On Monday, the department celebrated 30 years at MU at the Alumnae Anniversary Fund Dinner. Hosted in Stotler Lounge, the event featured a dinner for more than 120 people involved with the department.

“It’s kind of a celebration of people who have contributed to the department, graduated from it or supported it in one way or another,” Neitz said.

Neitz, Ellen McLain, co-chairwoman for the Chancellor’s Committee on the Status of Women, and College of Arts and Science Dean Michael O’Brien welcomed the guests to the dinner and commemorated the department’s achievement.

“We can focus on how far we have to go and how many things need to be done and problems that we all still have,” McLain said. “But if you look at how far we’ve come, from what I perceive as a short time, this certainly is something to celebrate.”

During his welcome, O’Brien tackled some speculation as to whether the program will be cut. He said the program will remain at MU, using the three newly-filled positions in the department as validation.
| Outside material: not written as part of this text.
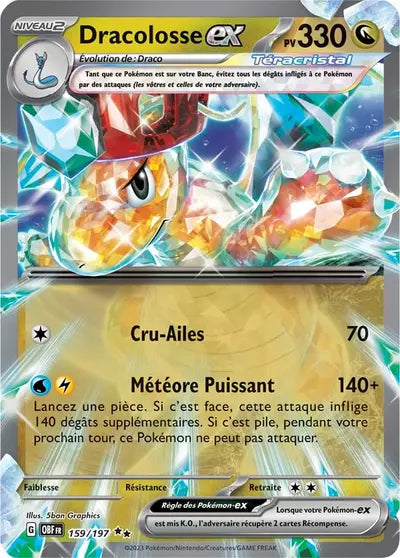 Retrouvez Dracolosse Téracristal EX 159/197 – Flammes Obsidiennes chez Manga Cash Ans (Liège).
“The Women’s and Gender Studies department shows what can happen when a loyal group of faculty and staff come together and say this is something that is important to us,” he said.

MU approved the Women Studies degree program in 1980, but Neitz said the first Women's Studies course was offered through the Honors College in 1971. The course dealt exclusively with women and their roles in society.

The Association of Women Students’ Commission on the Status of Women envisioned the class, which was taught by several instructors, in the late 1960s and early 1970s. Neitz said this presented a unique circumstance -- the initiative had not been established by faculty members or administrators, but rather by students. The women produced a report underlining what they believed was important about the curriculum and presented it to the university. The department recently found the original report, Neitz said.

“I love telling the story about how the class came to be,” Neitz said.

Before the focus’ inception as an officially-recognized degree program, instructors for the classes had been borrowed from other departments, Neitz said.

“Sooner or later, though, you want independence,” she said. “You don’t want to be dependent on another department to teach your courses. It was a big deal when we were established as a program.”

An employee of the department since 1980, Neitz has seen the program’s evolution firsthand. She said one of the program’s initial goals was to find a prospective faculty member who understood and could lecture on women of color.

“We wanted to be sure that we had that element in the program,” Neitz said. “If you want to study women, you have to be interested in race and class as well — that was a sign that that commitment was there from the beginning.”

Neitz said another prominent milestone for the department was the 2003 addition of “Gender Studies” to the program’s title. This change reflected a slight alter in emphasis, she said.

“It signified a little bit of a change in focus and politics outside of the university,” she said. “The emphasis became the relationship between genders, rather than just women per se.”

Neitz said after the name change, the program began to focus on women’s relations with men as well.

All of these events led up to the eventual declaration of the program as an official department in 2007, Neitz said.

“In the past five years, we’ve been becoming a department and really solidifying the inward agenda, but I think that in the next five years we’ll be looking to make more connections with other departments and to kind of reinvigorate that outward focus,” she said.